====== SOURCE MATERIAL
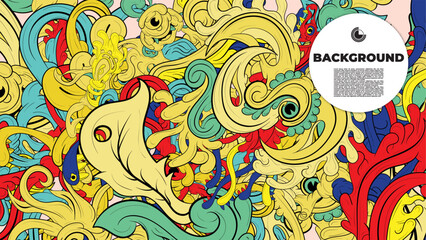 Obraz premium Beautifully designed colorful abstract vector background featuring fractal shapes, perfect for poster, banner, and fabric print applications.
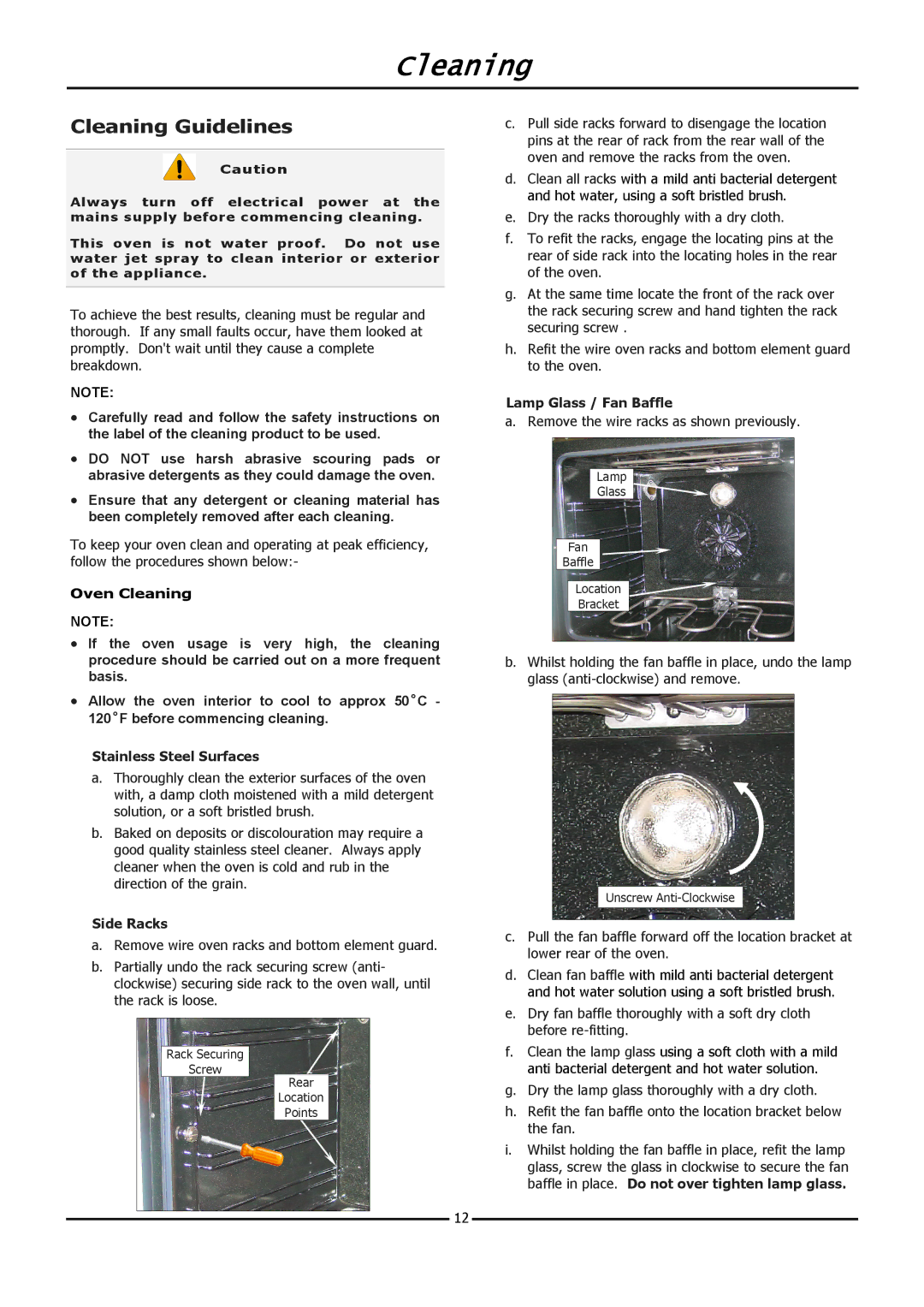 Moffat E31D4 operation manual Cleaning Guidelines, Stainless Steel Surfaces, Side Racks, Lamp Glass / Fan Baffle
============
====== SOURCE MATERIAL
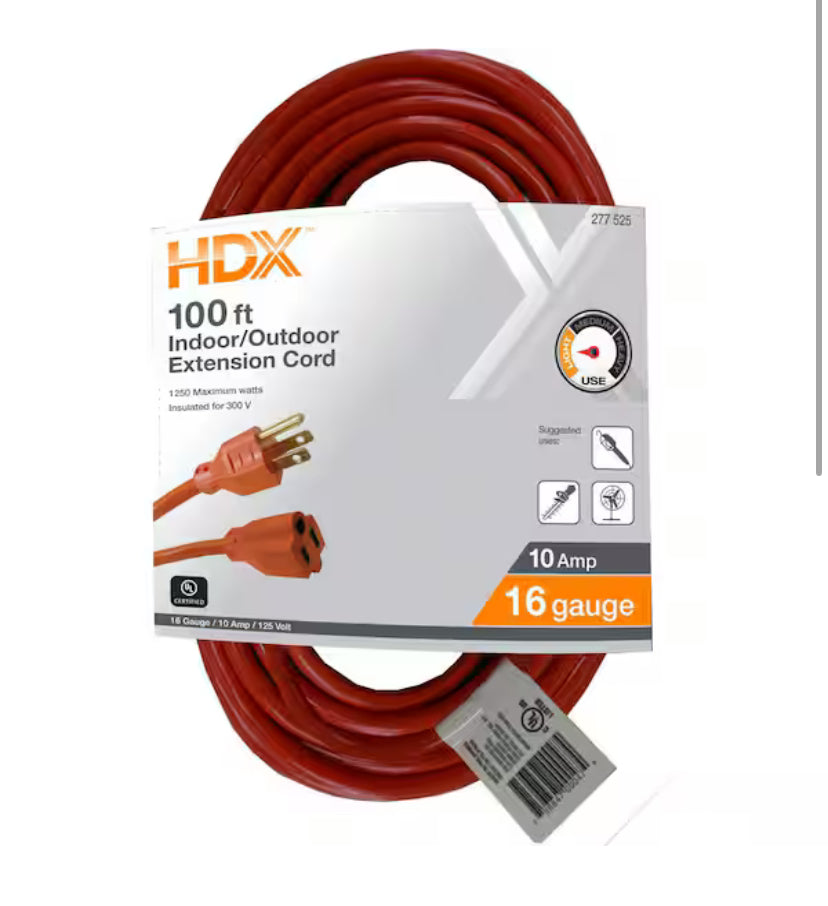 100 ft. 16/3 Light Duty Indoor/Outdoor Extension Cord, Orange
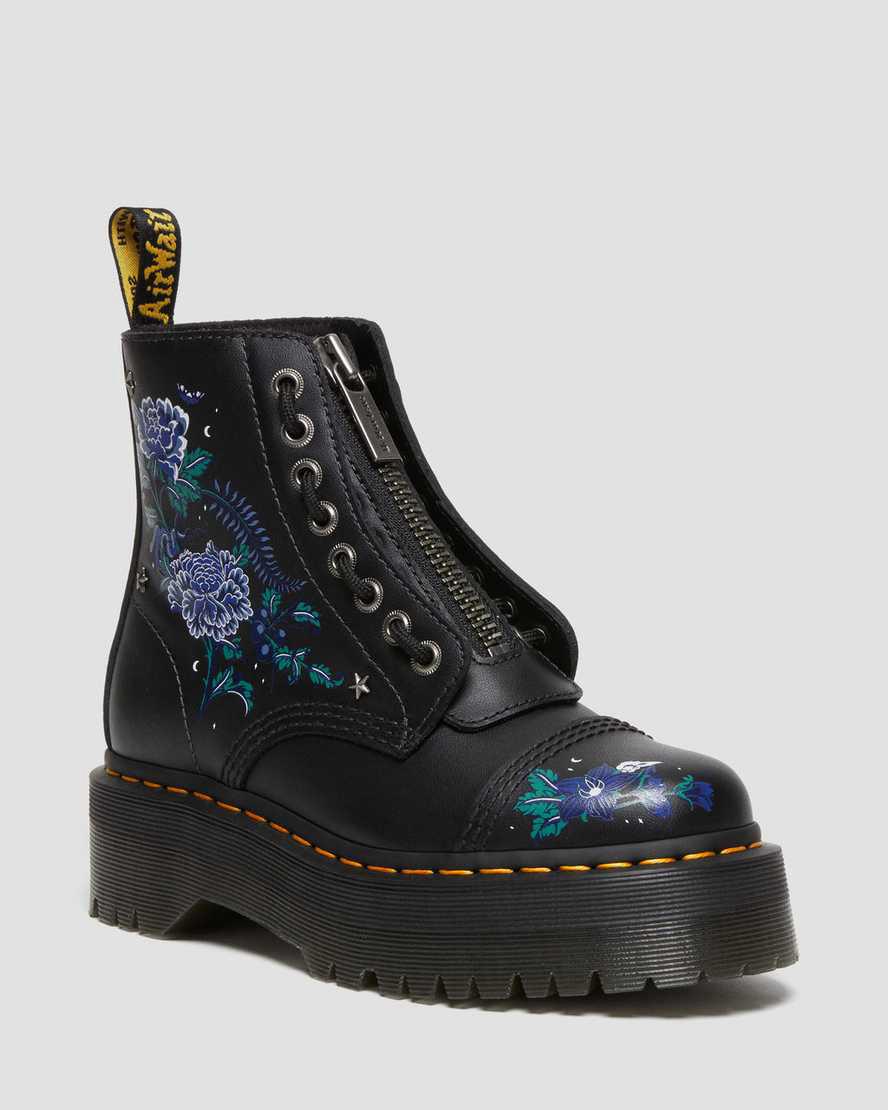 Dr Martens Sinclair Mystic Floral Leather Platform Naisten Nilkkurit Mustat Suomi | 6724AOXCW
============
# [WHAT NEEDS TO BE DONE]
Write out word for word the lines above that run from the one with "Obraz premium Beautifully" to the one with "Moffat E31D4 operation". Include both end lines; exclude the images.

# [EXERCISE RESPONSE]
 Obraz premium Beautifully designed colorful abstract vector background featuring fractal shapes, perfect for poster, banner, and fabric print applications.
 Moffat E31D4 operation manual Cleaning Guidelines, Stainless Steel Surfaces, Side Racks, Lamp Glass / Fan Baffle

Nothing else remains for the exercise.